From the line holding "Materials used: pumice" through the line holding "When you apply" below, write out every line exactly; include both of those lines and drop the pictures.
○ ○ ○
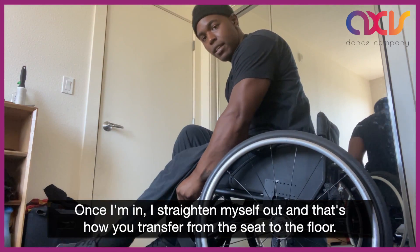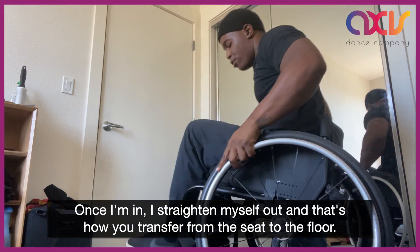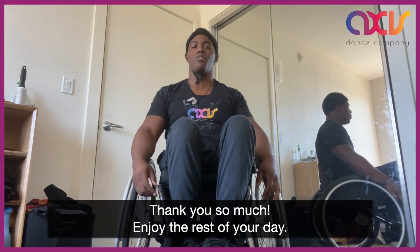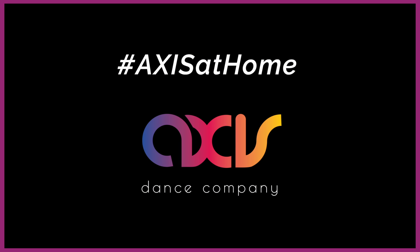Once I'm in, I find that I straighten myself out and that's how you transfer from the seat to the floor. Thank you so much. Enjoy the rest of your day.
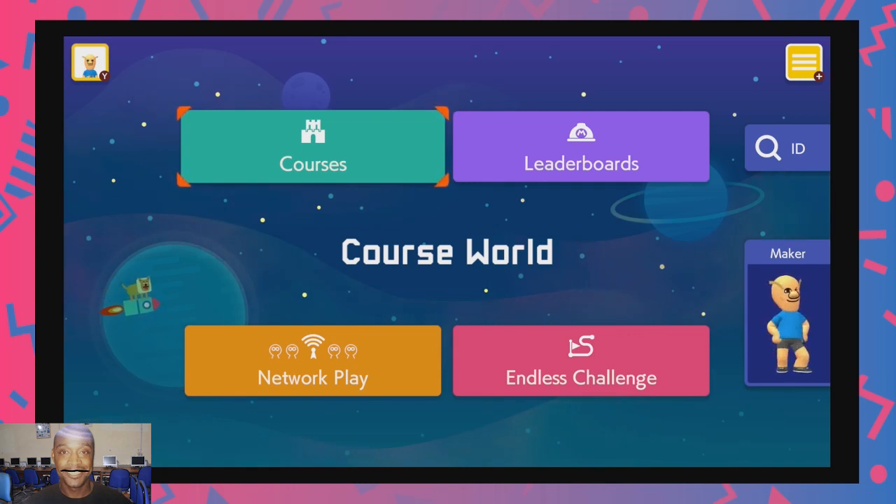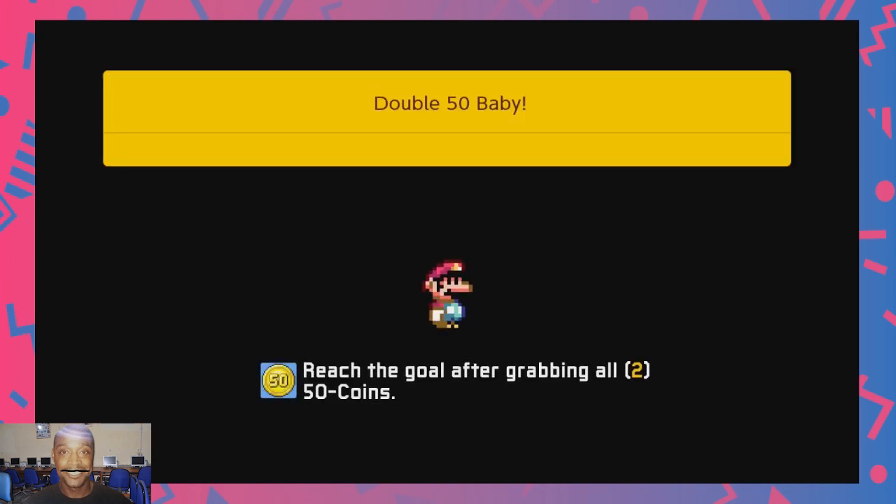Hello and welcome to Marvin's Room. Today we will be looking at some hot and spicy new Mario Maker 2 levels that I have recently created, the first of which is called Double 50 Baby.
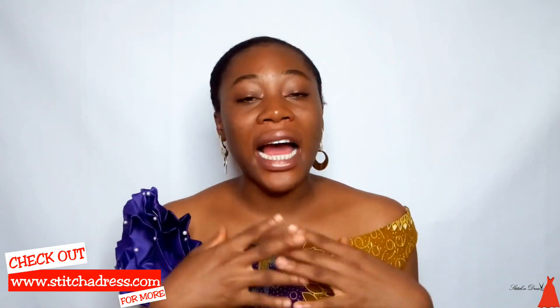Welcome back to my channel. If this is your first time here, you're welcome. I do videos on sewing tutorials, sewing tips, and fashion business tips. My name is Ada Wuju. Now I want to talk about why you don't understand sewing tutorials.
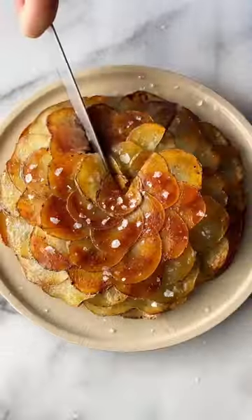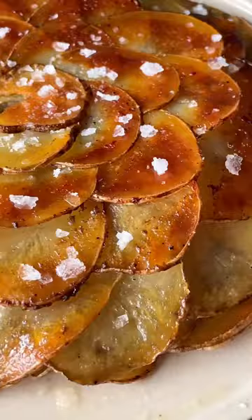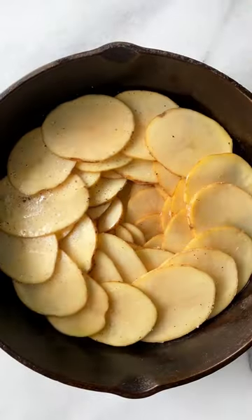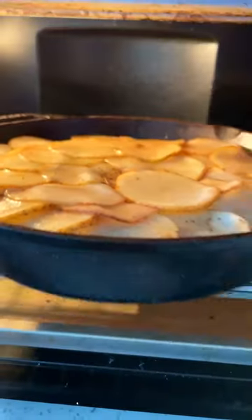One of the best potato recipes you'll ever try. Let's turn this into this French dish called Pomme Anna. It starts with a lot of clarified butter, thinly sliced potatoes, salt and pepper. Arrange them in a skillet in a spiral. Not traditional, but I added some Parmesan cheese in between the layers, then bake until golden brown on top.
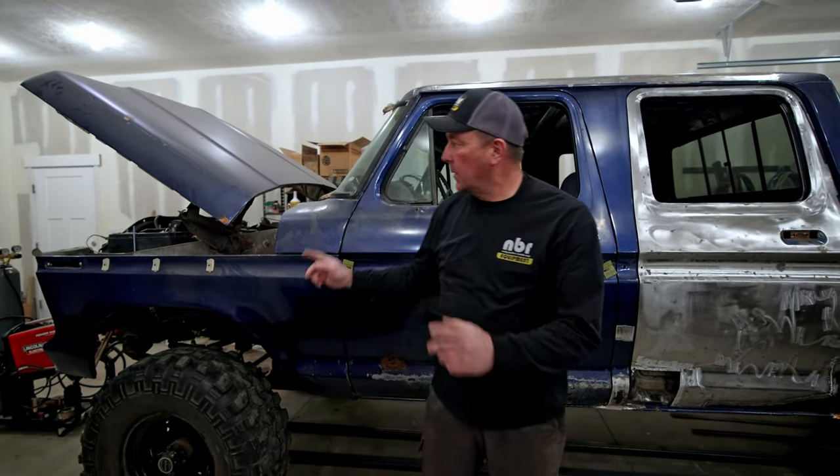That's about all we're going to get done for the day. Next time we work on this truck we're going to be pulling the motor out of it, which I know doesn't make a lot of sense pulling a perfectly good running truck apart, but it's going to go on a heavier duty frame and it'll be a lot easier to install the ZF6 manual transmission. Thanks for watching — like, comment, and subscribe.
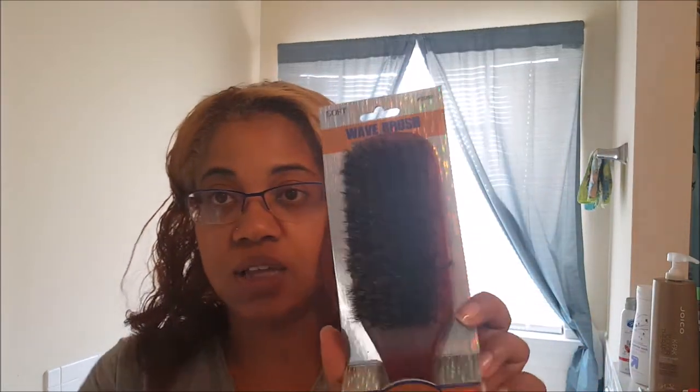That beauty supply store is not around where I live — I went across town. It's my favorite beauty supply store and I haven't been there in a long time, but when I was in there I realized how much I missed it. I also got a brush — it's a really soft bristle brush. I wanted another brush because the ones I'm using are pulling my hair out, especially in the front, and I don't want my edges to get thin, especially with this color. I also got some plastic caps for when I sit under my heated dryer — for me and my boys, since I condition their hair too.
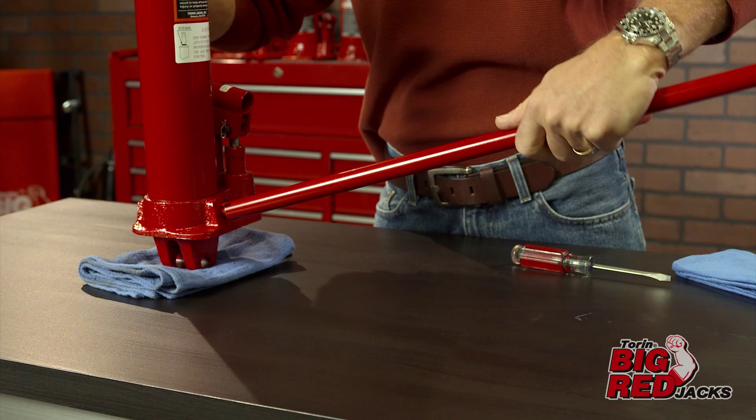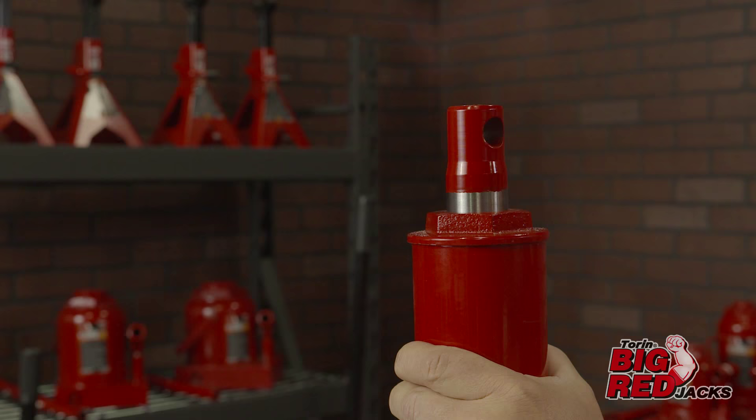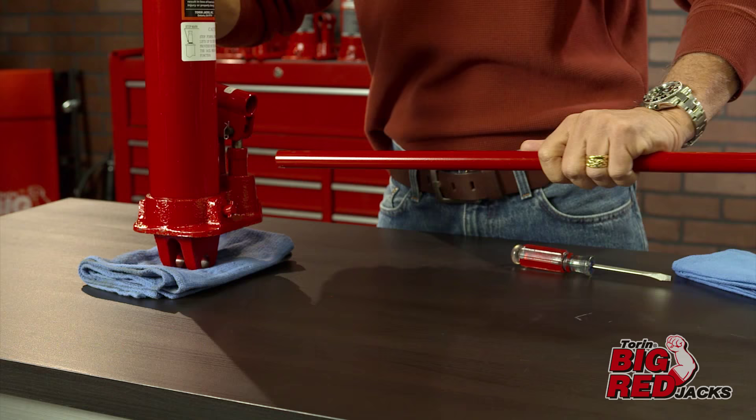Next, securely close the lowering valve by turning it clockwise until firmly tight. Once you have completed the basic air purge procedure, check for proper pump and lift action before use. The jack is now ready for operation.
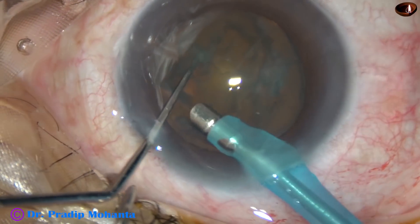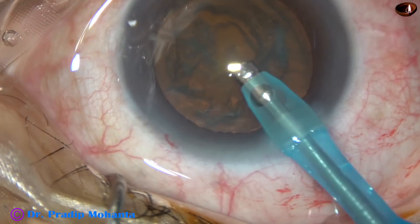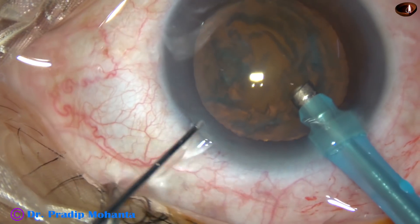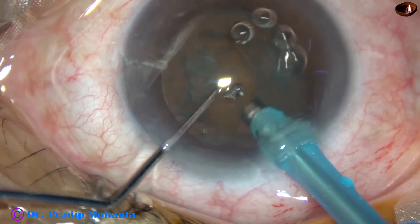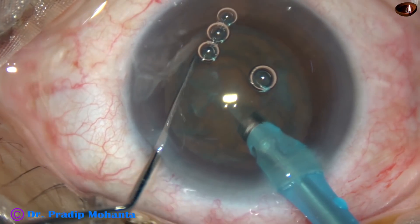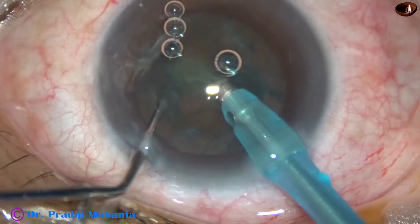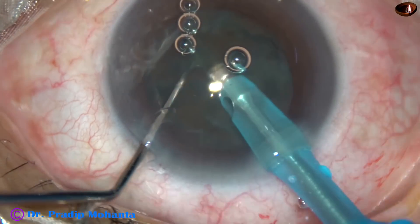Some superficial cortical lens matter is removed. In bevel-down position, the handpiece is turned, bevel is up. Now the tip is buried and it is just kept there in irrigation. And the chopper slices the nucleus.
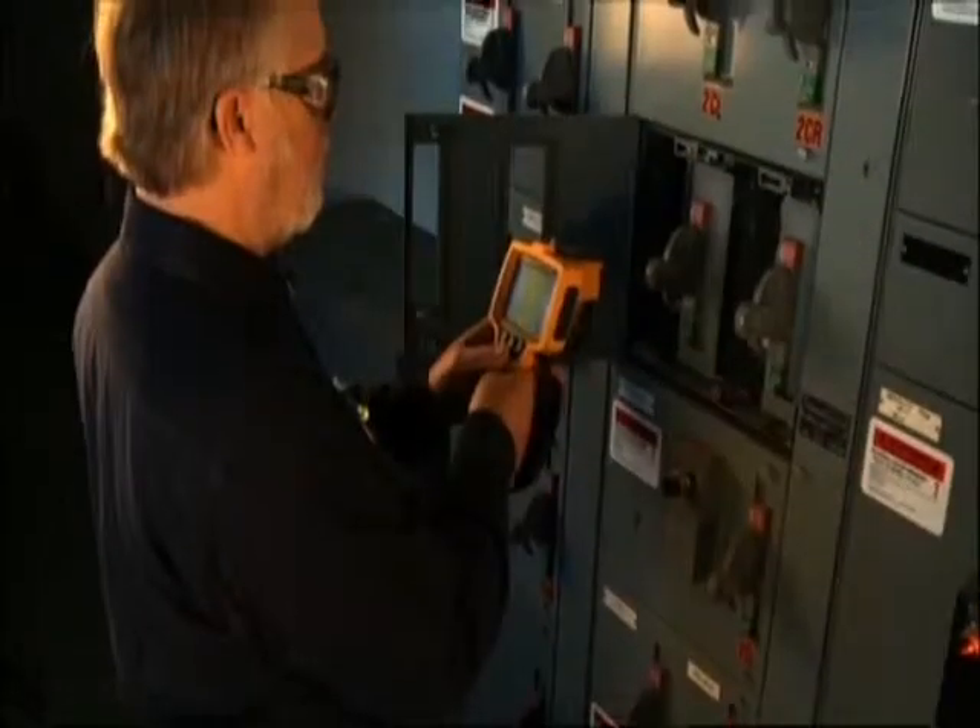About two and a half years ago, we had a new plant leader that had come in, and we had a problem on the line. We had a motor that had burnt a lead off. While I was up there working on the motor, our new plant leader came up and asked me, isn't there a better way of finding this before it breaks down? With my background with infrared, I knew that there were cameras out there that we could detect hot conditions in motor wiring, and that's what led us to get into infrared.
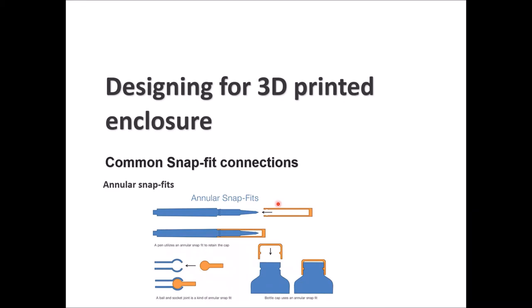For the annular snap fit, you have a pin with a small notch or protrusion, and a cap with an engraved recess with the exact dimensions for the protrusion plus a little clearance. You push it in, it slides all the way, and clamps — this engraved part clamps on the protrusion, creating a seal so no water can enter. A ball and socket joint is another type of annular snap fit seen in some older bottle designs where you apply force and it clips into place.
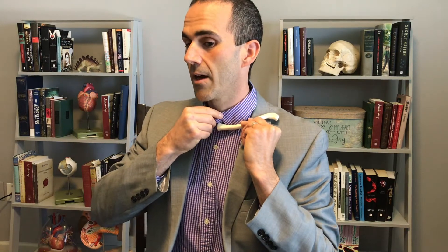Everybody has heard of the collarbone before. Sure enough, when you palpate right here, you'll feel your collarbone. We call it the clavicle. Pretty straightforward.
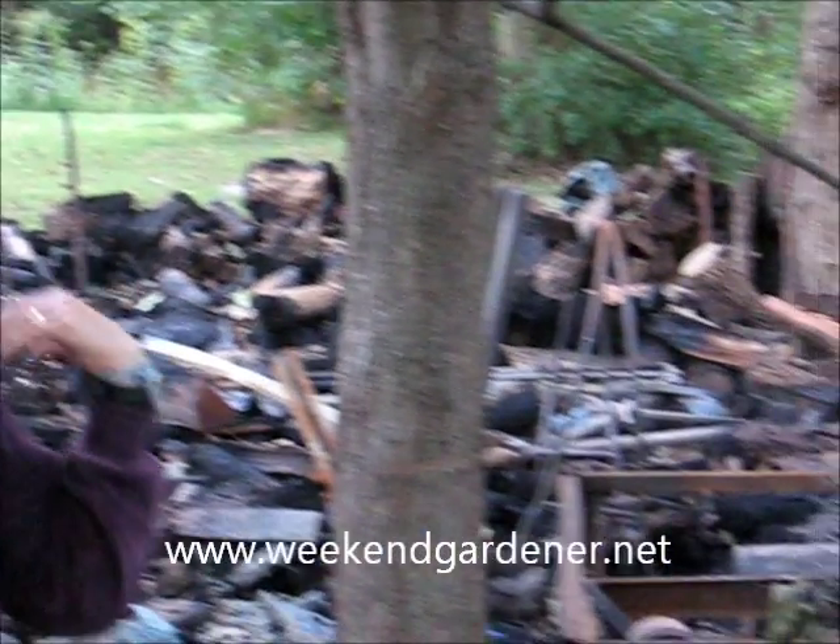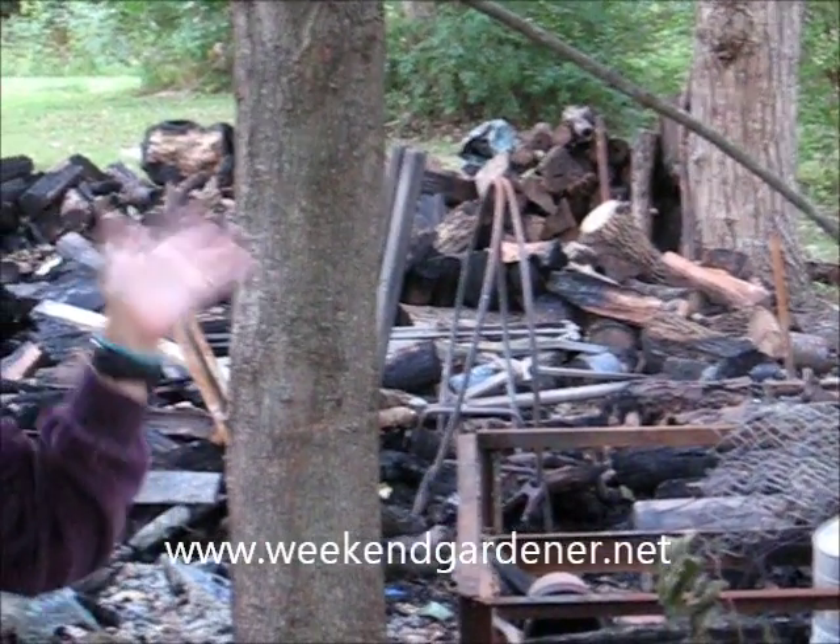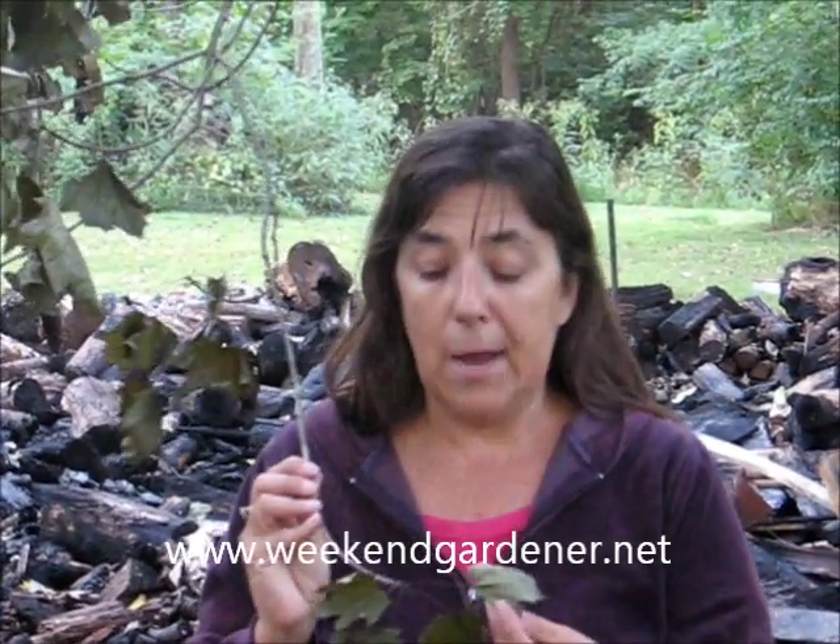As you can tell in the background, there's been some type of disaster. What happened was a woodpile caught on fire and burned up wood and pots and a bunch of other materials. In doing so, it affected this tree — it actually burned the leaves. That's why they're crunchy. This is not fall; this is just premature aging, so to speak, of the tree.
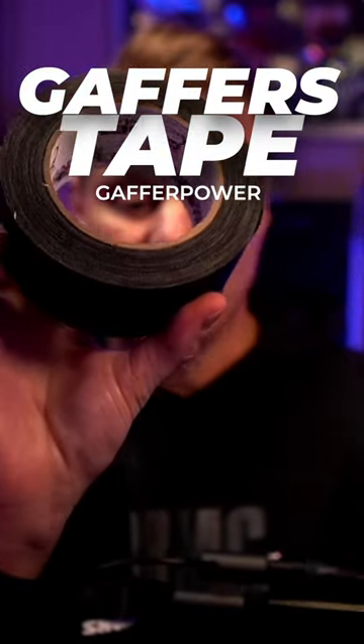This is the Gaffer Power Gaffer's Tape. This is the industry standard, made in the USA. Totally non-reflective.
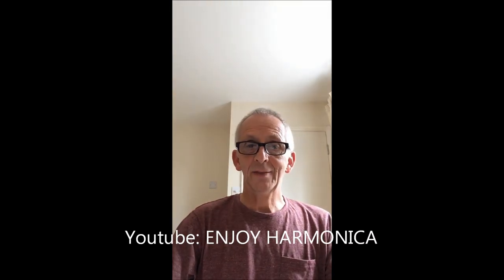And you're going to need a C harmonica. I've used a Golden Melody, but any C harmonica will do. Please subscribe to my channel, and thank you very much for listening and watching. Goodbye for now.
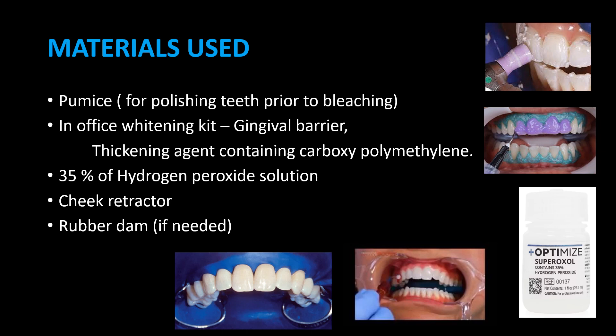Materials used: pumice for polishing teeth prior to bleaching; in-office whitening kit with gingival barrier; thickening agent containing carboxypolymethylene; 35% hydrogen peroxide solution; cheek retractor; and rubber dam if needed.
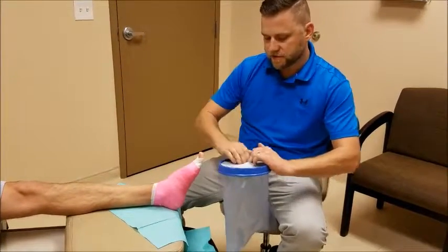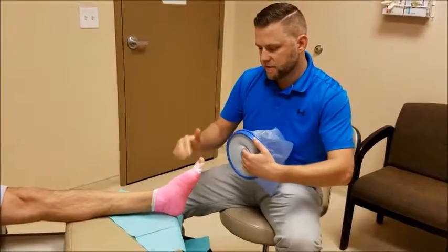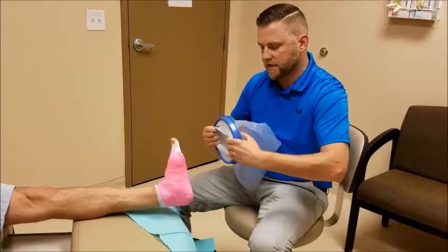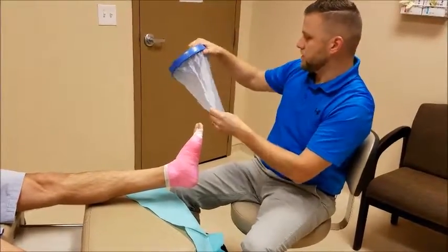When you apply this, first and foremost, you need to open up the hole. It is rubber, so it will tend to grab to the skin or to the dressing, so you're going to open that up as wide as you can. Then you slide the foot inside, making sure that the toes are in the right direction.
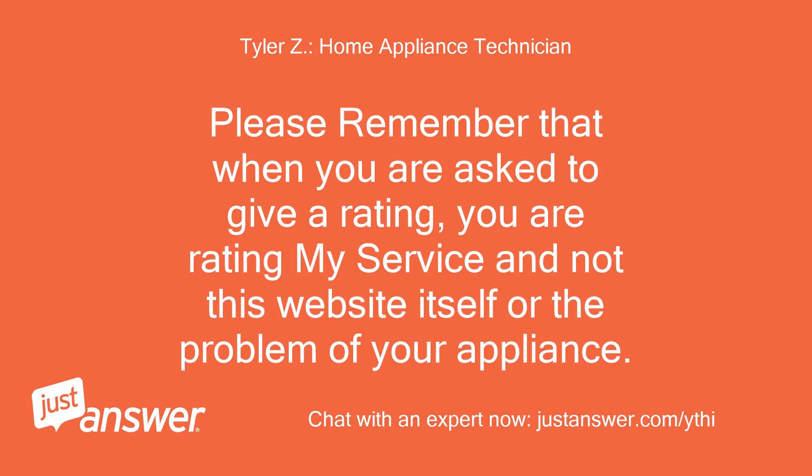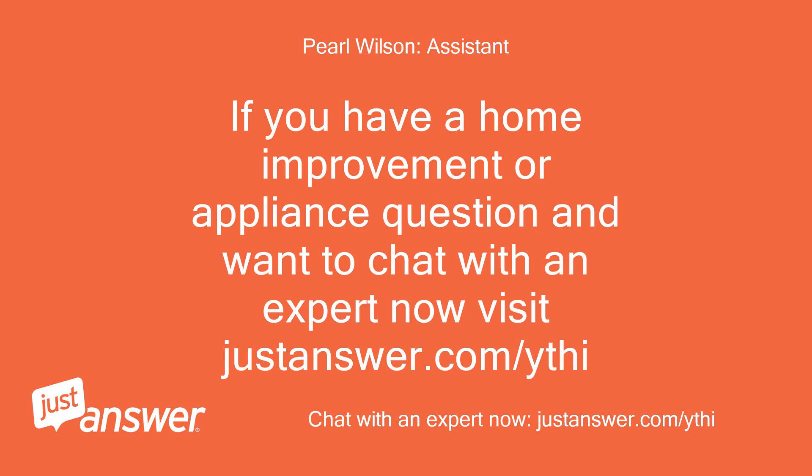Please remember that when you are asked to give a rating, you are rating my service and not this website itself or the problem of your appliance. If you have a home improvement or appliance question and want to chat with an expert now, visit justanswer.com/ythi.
○ ○ ○
## Exercise answer
Materials used: pumice for polishing teeth prior to bleaching; in-office whitening kit with gingival barrier; thickening agent containing carboxypolymethylene; 35% hydrogen peroxide solution; cheek retractor; and rubber dam if needed.
When you apply this, first and foremost, you need to open up the hole. It is rubber, so it will tend to grab to the skin or to the dressing, so you're going to open that up as wide as you can. Then you slide the foot inside, making sure that the toes are in the right direction.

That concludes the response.